Input: ([[1,2],[3,4]],)
Expected Output: 'MULTIPLE_ROOTS'
Explanation: Nodes 1 and 3 both have no parent, so the edges form a forest of two trees.
Input: ([[1,2],[1,2]],)
Expected Output: 'INVALID_INPUT'
Explanation: The exact edge (1,2) appears twice, which is invalid input (highest priority).

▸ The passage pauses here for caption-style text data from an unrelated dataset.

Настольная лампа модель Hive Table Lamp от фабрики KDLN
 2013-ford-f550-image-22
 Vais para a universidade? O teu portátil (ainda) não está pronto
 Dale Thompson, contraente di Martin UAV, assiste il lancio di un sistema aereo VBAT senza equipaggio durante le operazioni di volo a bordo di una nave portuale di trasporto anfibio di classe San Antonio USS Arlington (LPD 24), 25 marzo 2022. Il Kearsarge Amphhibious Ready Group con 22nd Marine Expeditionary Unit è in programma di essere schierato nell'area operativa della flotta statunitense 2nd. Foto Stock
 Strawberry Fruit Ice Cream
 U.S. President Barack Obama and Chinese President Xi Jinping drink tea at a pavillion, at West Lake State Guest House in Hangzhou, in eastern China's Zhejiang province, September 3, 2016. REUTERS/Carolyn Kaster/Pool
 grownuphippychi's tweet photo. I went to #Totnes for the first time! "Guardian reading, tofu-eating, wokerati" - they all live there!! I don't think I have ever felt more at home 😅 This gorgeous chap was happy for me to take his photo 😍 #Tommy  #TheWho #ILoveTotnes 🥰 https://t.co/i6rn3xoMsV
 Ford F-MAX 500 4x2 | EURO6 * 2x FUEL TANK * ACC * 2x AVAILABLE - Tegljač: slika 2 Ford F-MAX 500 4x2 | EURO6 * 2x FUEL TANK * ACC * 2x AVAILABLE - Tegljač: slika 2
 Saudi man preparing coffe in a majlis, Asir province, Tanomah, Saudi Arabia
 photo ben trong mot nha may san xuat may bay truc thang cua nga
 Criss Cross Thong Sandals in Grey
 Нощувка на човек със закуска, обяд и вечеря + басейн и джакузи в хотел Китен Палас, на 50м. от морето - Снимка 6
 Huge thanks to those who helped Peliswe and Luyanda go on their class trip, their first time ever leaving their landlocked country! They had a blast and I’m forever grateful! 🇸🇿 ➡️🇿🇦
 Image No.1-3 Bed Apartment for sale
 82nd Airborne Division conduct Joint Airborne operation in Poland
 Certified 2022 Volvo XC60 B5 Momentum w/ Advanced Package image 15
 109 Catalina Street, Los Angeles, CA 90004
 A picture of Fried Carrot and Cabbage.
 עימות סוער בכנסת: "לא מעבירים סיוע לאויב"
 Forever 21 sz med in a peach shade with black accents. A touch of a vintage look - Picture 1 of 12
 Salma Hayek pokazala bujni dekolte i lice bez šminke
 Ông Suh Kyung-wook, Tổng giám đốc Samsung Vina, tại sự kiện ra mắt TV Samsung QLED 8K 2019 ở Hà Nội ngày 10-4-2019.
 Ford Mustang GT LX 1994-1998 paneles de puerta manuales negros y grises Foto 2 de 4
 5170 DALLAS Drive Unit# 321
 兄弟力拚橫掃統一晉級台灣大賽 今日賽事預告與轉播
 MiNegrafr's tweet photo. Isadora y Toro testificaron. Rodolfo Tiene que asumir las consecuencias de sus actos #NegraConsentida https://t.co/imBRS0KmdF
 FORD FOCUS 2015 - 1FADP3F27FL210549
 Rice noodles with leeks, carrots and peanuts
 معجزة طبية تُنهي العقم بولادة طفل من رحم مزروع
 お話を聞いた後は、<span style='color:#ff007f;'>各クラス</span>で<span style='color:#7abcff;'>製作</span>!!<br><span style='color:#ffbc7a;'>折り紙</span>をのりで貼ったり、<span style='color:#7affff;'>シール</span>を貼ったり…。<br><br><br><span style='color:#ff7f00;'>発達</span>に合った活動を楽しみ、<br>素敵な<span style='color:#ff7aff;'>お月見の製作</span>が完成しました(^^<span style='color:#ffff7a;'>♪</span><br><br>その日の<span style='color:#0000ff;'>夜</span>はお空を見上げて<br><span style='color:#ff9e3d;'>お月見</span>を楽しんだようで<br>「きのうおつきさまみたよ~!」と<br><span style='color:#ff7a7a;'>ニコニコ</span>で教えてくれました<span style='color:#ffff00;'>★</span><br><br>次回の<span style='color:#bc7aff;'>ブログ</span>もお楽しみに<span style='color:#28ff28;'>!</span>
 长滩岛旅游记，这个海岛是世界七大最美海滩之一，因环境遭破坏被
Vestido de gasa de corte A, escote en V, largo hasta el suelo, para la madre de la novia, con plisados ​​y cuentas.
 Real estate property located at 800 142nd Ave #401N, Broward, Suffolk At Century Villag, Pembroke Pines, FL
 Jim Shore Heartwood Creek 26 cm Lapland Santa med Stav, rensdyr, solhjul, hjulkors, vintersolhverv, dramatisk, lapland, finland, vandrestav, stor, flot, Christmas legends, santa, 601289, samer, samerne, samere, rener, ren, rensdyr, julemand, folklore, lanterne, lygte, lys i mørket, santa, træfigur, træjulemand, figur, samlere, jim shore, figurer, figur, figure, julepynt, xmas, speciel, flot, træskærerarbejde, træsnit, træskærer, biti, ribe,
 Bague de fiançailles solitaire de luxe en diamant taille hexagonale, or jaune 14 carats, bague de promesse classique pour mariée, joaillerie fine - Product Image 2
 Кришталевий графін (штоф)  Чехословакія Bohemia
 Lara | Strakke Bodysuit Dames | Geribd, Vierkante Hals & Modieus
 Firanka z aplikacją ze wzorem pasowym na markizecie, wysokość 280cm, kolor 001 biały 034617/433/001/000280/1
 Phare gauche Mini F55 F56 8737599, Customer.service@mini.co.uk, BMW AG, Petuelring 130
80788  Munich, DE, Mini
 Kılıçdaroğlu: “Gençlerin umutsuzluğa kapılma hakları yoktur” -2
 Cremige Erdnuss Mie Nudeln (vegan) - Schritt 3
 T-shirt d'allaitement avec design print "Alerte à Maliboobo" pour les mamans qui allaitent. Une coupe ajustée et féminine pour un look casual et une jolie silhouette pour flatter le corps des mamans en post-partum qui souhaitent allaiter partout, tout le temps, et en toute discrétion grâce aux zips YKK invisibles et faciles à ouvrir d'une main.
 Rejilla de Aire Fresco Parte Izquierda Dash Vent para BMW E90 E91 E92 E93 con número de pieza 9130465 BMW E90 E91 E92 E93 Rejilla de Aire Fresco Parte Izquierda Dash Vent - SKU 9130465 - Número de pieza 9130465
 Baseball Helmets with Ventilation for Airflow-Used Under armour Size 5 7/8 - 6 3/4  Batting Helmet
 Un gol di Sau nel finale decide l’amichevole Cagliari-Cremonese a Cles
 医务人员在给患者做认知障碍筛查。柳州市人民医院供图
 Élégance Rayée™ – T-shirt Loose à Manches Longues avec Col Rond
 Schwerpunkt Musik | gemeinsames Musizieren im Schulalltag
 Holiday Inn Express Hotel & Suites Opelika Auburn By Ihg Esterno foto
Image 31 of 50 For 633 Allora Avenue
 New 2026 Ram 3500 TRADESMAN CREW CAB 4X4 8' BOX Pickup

Input: ([[1,2],[1,3],[2,4],[3,4]],)
Expected Output: 'MULTIPLE_PARENTS'
Explanation: Node 4 appears as a child of both 2 and 3, so it has multiple parents.
Input: ([[1,2]],)
Expected Output: '2 1'
Explanation: Single edge: root 1 with only a left child 2. In-order = 2 1.
Input: ([[1,1]],)
Expected Output: 'INVALID_INPUT'
Explanation: Self-loop (1,1) is invalid input regardless of any other issue.
Input: ([[1,2],[1,3],[1,4],[5,4]],)
Expected Output: 'TOO_MANY_CHILDREN'
Explanation: Priority test: node 1 has three children (TOO_MANY_CHILDREN) outranks node 4's two parents.
Input: ([[10,20],[10,30],[20,40],[20,50],[30,60]],)
Expected Output: '40 20 50 10 60 30'
Explanation: Valid tree with two full levels; verifies left-then-right edge ordering in the traversal.
Hints
- Run the five checks in the exact priority order given; return on the first one that fires so tie-breaks resolve correctly.
- INVALID_INPUT covers two cases: parent == child (self-loop) and an exact (parent, child) pair seen more than once. Use a set of (parent, child) tuples.
- Count how many edges each node parents (>2 => TOO_MANY_CHILDREN) and how many times each node is a child (>1 => MULTIPLE_PARENTS).
- For CYCLE, a directed DFS with white/gray/black coloring detects a back edge to a gray node. Do it iteratively to stay within recursion limits at 10^4 nodes.
- The root is the unique node that never appears as a child. After the earlier checks pass, more than one such node means MULTIPLE_ROOTS.
- Store children in edge order: index 0 is the left child, index 1 the right child, then run an iterative in-order traversal.